Voluntary COOL labeling is no solution to the WTO dispute: Meatpackers won’t use it, consumers won’t see it, farmers and ranchers won’t benefit from it and Canada and Mexico have already bluntly rejected this so-called compromise. Voluntary COOL is indistinguishable from repealing COOL, as meatpacking companies would be permitted to use voluntary COOL labels even if mandatory COOL were repealed under the U.S. Department of Agriculture’s Processed Verified Program.

Moreover, the meatpackers are unlikely to employ voluntary COOL labels because they do not believe that consumers have a right to know where their meat products came from. The meatpacking industry sued the U.S. Department of Agriculture to block mandatory COOL because the meatpackers believed they had a constitutional free speech right to conceal the origin of the meat they sell to consumers, a contention that was rejected repeatedly by the federal courts.

That was the historical experience with voluntary COOL from 2002 to 2009, before mandatory COOL finally was implemented. Although mandatory COOL was passed in the 2002 Farm Bill, the appropriators blocked its implementation and only allowed a voluntary COOL program that reserved the USA label for meat derived from livestock exclusively born, raised and slaughtered in the United States — identical to the standard in the recently proposed voluntary COOL so-called compromise. Few if any meat products were ever labeled under those voluntary regimes for the simple reason that neither packers nor most major retailers want to provide origin information to their customers.

Neither consumers nor livestock producers believe that we can allow the meatpacking, food processing and grocery retail industries to decide what to disclose to consumers. These food industries have long resisted providing basic information on food labels. We do not believe that the interests of producers or consumers can be served by granting to the opponents of COOL the exclusive right to decide whether or not to affix voluntary COOL labels.

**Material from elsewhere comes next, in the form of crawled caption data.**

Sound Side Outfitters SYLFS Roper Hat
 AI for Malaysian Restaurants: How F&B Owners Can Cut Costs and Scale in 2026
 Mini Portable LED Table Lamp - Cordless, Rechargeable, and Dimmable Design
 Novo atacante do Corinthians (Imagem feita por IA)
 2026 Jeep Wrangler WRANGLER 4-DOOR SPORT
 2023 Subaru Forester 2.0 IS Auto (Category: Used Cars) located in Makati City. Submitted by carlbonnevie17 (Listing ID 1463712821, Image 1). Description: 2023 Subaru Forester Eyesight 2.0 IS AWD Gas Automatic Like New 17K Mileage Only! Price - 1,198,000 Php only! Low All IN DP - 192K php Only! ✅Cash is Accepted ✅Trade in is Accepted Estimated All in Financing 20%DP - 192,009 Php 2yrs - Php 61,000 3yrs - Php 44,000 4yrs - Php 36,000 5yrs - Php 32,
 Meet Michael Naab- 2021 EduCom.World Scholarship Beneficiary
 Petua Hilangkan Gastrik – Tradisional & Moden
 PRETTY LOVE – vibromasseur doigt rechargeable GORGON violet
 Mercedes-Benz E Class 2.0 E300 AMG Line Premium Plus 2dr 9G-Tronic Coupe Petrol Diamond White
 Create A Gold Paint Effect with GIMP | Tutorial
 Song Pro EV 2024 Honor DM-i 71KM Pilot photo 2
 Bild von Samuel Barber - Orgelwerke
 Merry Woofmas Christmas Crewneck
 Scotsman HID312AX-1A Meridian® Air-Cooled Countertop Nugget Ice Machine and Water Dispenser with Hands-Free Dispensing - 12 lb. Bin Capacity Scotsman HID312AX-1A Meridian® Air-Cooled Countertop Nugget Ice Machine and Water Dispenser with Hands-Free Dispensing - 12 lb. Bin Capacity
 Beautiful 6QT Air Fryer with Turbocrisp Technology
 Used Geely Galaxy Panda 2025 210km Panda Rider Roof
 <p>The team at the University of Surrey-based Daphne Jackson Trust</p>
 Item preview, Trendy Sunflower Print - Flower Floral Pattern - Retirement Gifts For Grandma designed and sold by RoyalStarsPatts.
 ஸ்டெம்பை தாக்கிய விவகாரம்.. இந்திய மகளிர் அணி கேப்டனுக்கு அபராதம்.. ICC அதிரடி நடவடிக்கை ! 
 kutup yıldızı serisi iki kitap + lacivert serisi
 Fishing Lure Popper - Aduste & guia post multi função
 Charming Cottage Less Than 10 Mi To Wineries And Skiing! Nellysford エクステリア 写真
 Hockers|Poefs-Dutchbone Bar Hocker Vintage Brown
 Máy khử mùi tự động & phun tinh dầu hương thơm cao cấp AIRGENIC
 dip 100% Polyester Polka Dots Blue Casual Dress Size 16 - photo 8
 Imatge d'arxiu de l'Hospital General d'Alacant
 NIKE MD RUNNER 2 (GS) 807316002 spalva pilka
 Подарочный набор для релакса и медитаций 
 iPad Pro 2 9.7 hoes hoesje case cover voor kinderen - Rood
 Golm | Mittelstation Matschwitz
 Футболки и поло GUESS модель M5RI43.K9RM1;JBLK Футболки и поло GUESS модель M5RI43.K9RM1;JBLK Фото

COOL is extremely important to our organizations and to the American public. We oppose any legislation that would undermine any portion of the COOL law, whether by outright COOL repeal or by converting the mandatory COOL law to a voluntary program. We urge Congress to stand up for America’s consumers, farmers and ranchers by rejecting any effort to unilaterally repeal or weaken a popular food label even before the WTO process has concluded. Thank you for your consideration of this request.